> **ABOUT THIS TASK**: Beginning with the line containing "A Marie Stopes" and ending at the last line of the records, transcribe each line exactly. Do not include pictures.
——
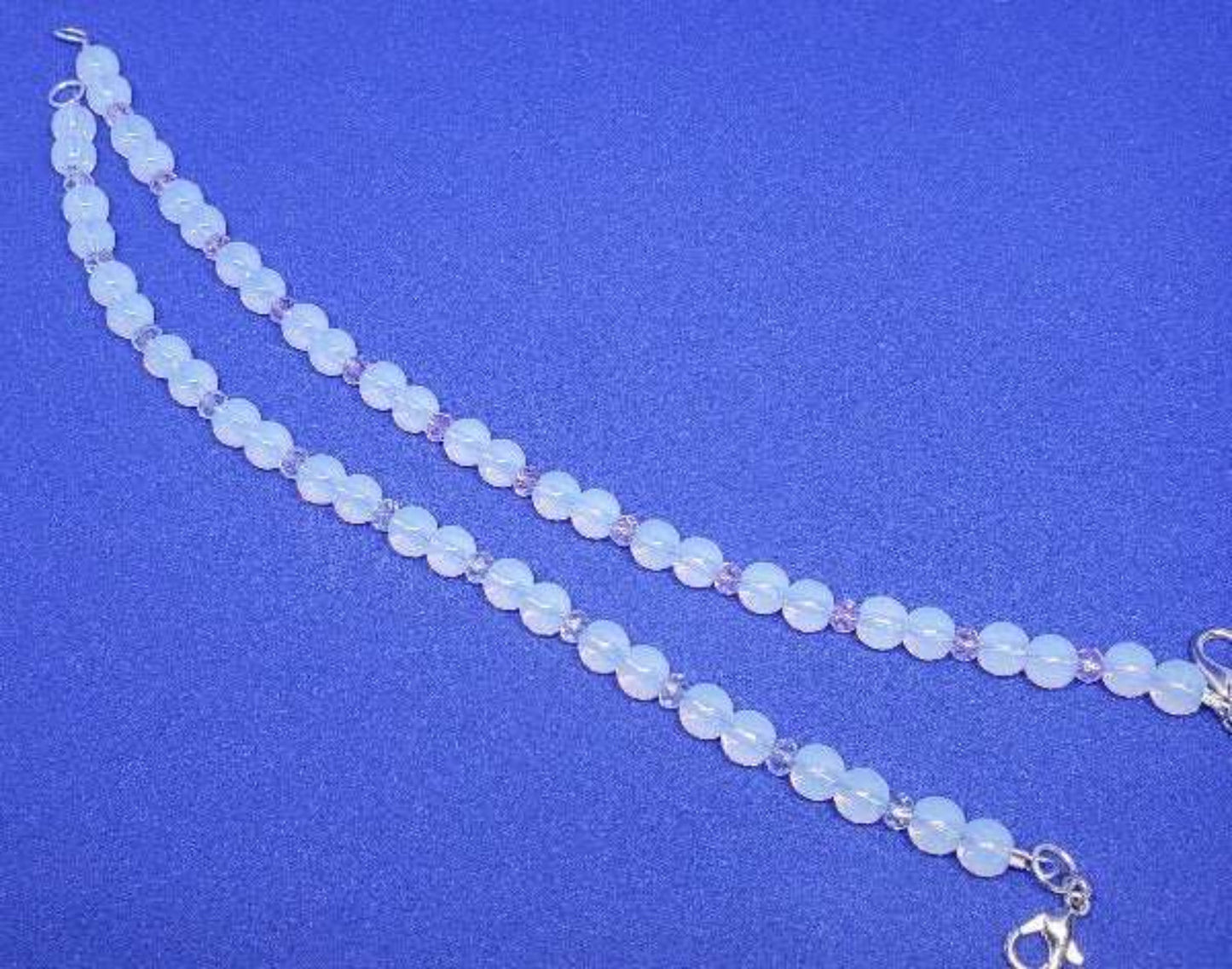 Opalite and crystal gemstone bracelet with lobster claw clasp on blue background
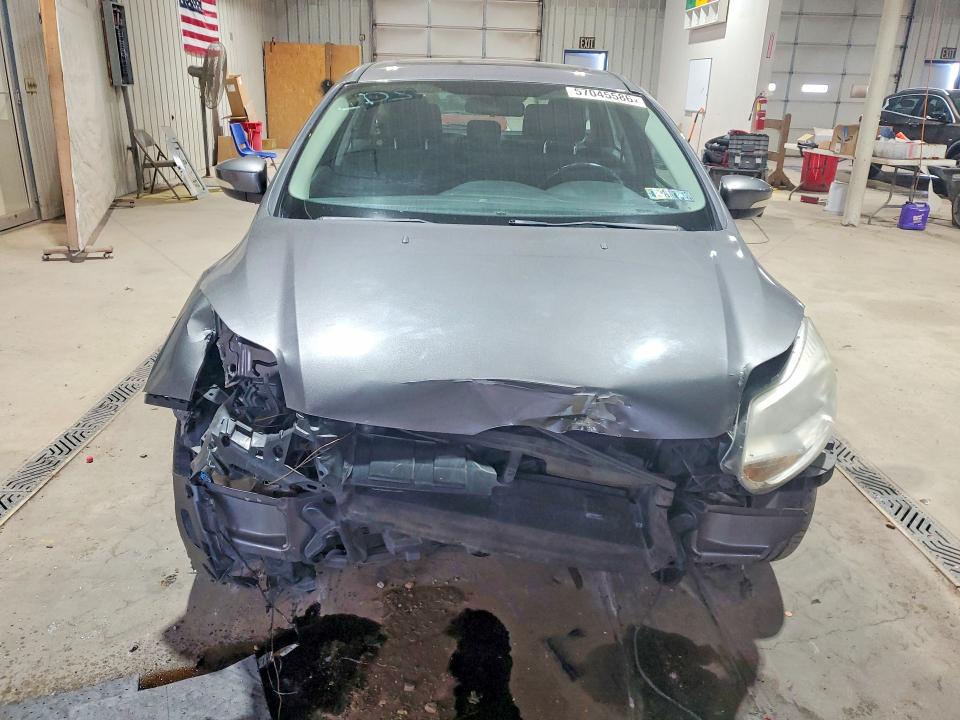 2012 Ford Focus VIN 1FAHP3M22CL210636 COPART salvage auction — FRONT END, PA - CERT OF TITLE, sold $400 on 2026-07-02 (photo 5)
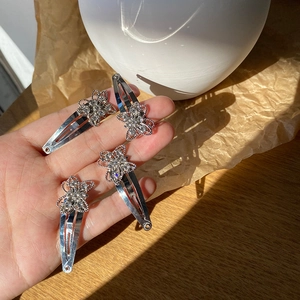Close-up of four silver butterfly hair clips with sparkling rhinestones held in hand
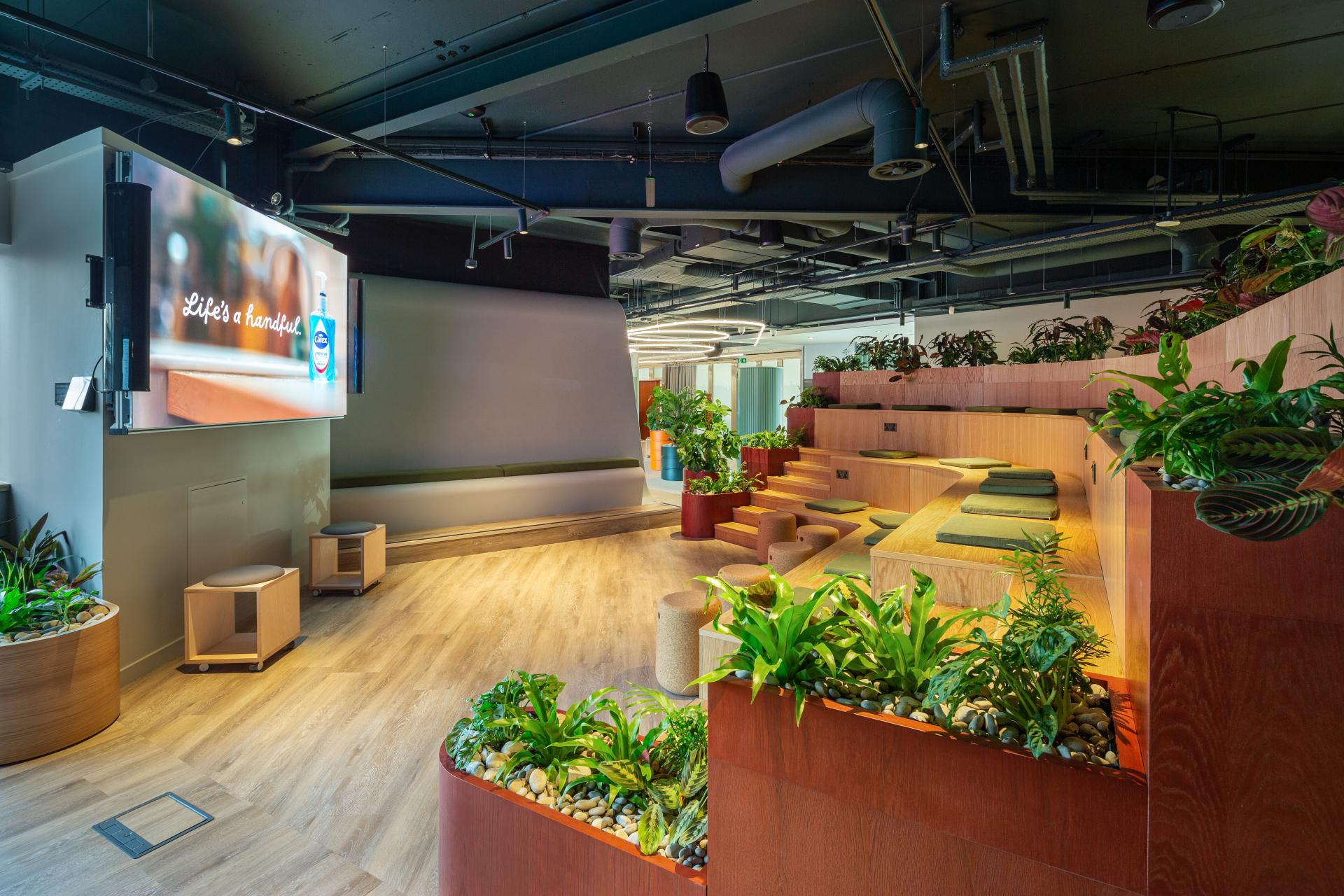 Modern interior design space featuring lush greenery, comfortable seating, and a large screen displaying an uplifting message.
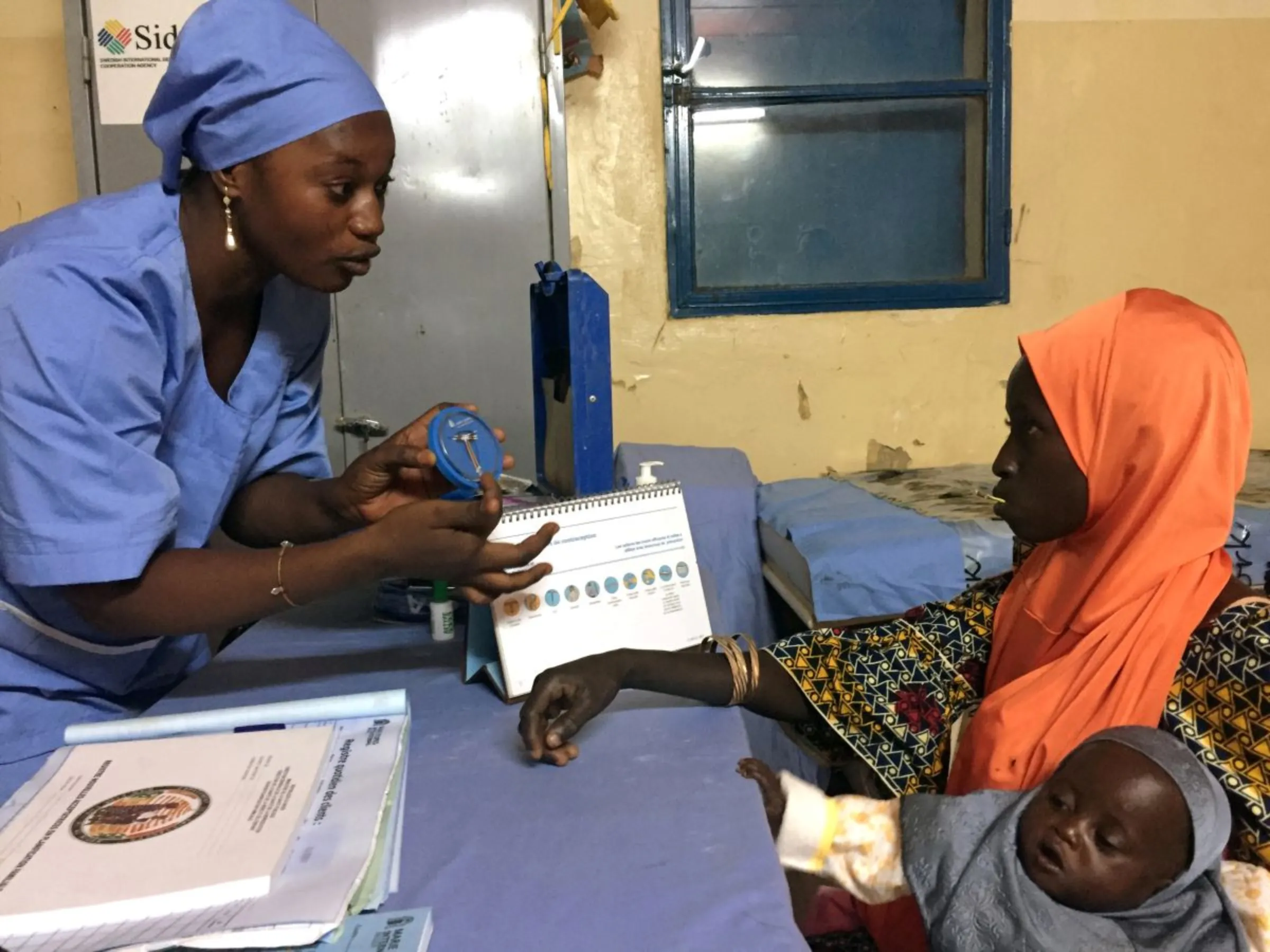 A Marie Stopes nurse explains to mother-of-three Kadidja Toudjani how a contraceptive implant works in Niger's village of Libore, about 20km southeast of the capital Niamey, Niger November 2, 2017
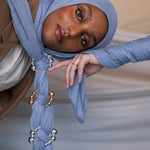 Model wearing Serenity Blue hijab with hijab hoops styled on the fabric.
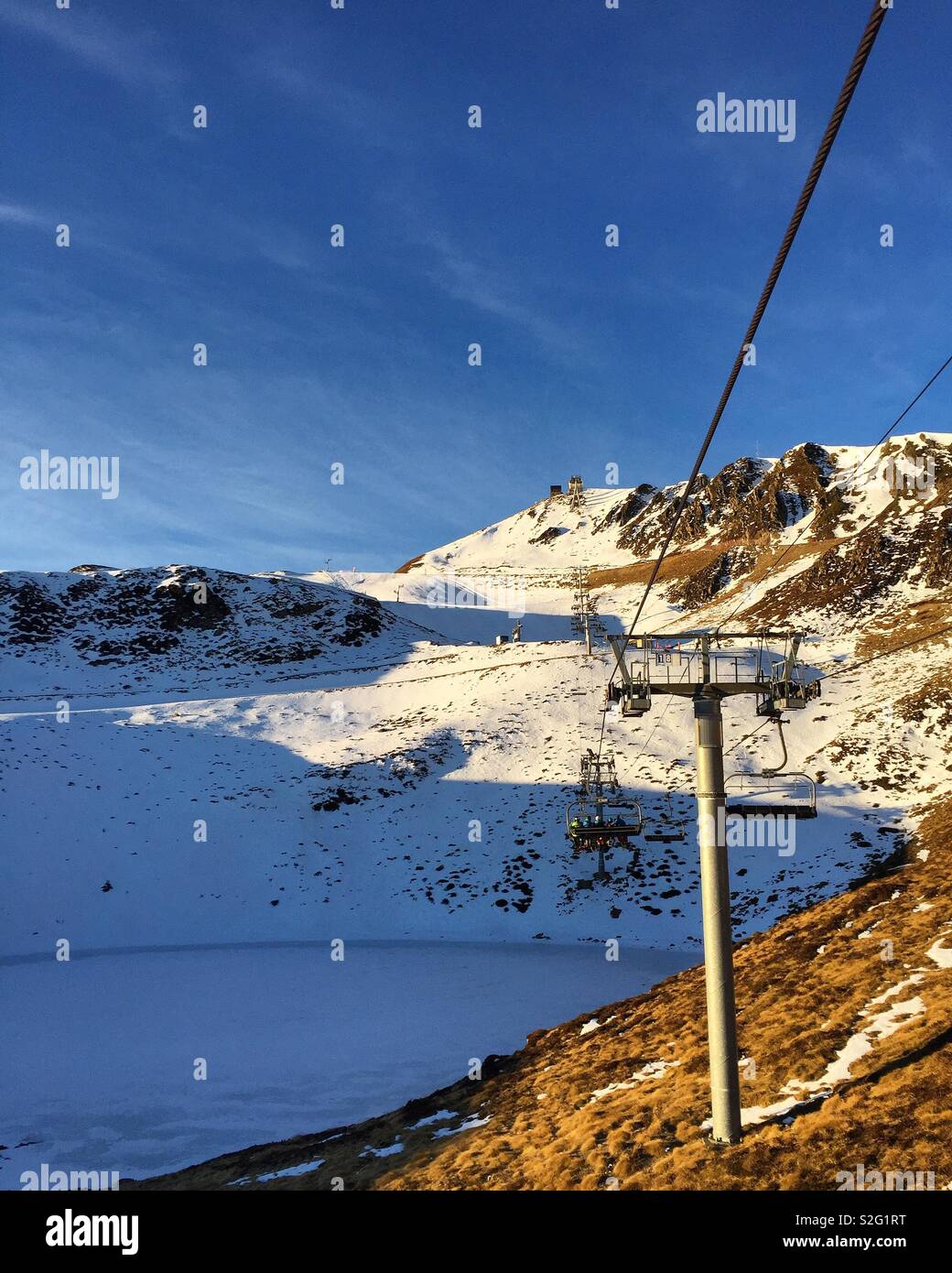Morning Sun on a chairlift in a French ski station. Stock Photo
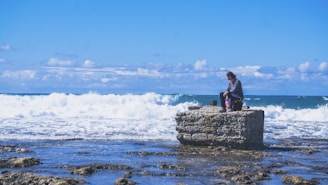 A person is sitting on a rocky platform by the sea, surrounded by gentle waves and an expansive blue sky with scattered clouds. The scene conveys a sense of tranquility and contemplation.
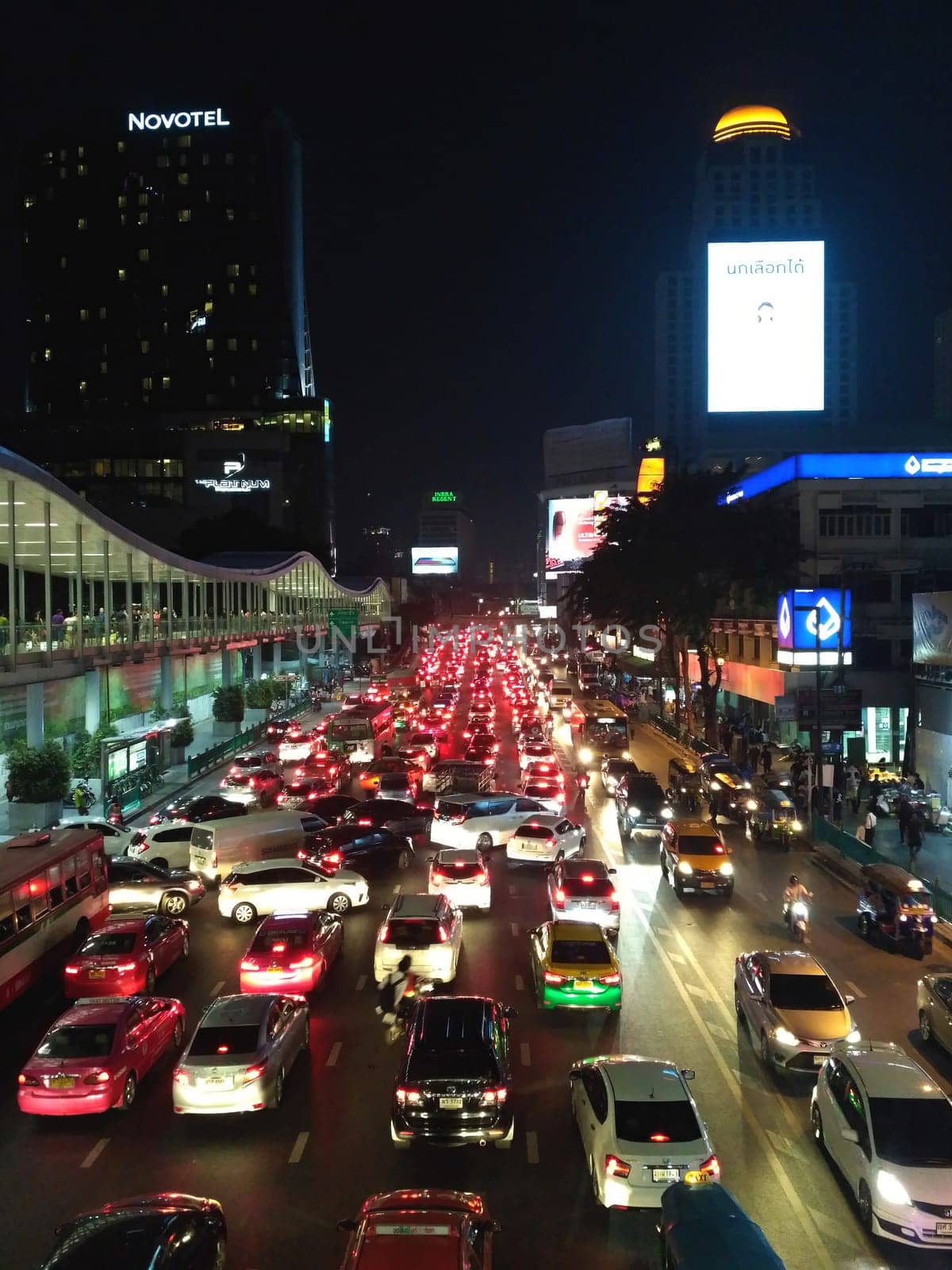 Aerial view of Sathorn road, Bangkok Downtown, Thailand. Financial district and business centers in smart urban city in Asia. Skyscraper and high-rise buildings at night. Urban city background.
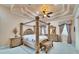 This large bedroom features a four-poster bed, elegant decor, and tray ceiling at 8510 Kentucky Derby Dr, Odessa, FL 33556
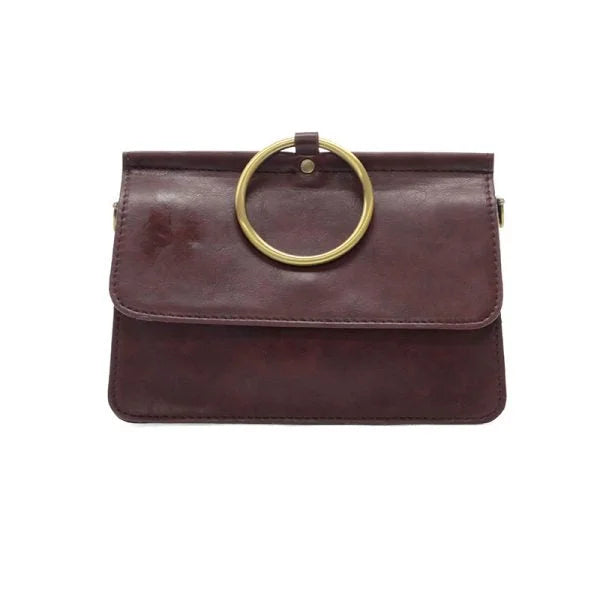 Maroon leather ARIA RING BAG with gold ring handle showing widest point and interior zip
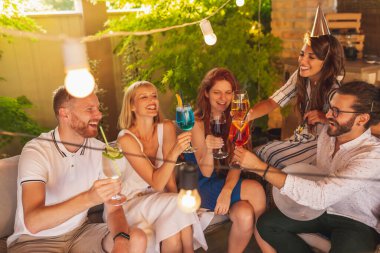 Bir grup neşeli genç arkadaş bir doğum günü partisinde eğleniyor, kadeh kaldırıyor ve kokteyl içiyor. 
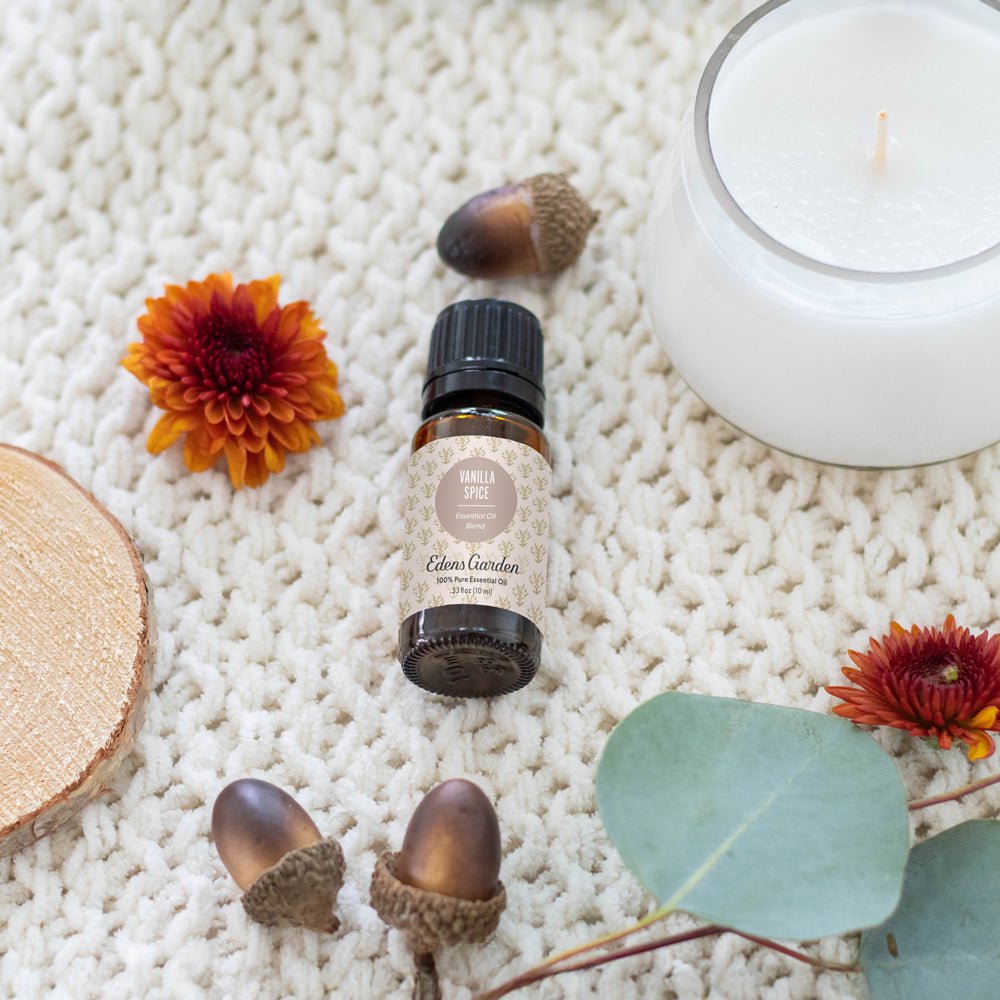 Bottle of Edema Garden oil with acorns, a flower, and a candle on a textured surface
——
> **OUTPUT**:
 A Marie Stopes nurse explains to mother-of-three Kadidja Toudjani how a contraceptive implant works in Niger's village of Libore, about 20km southeast of the capital Niamey, Niger November 2, 2017
 Model wearing Serenity Blue hijab with hijab hoops styled on the fabric.
Morning Sun on a chairlift in a French ski station. Stock Photo
 A person is sitting on a rocky platform by the sea, surrounded by gentle waves and an expansive blue sky with scattered clouds. The scene conveys a sense of tranquility and contemplation.
 Aerial view of Sathorn road, Bangkok Downtown, Thailand. Financial district and business centers in smart urban city in Asia. Skyscraper and high-rise buildings at night. Urban city background.
 This large bedroom features a four-poster bed, elegant decor, and tray ceiling at 8510 Kentucky Derby Dr, Odessa, FL 33556
 Maroon leather ARIA RING BAG with gold ring handle showing widest point and interior zip
 Bir grup neşeli genç arkadaş bir doğum günü partisinde eğleniyor, kadeh kaldırıyor ve kokteyl içiyor. 
 Bottle of Edema Garden oil with acorns, a flower, and a candle on a textured surface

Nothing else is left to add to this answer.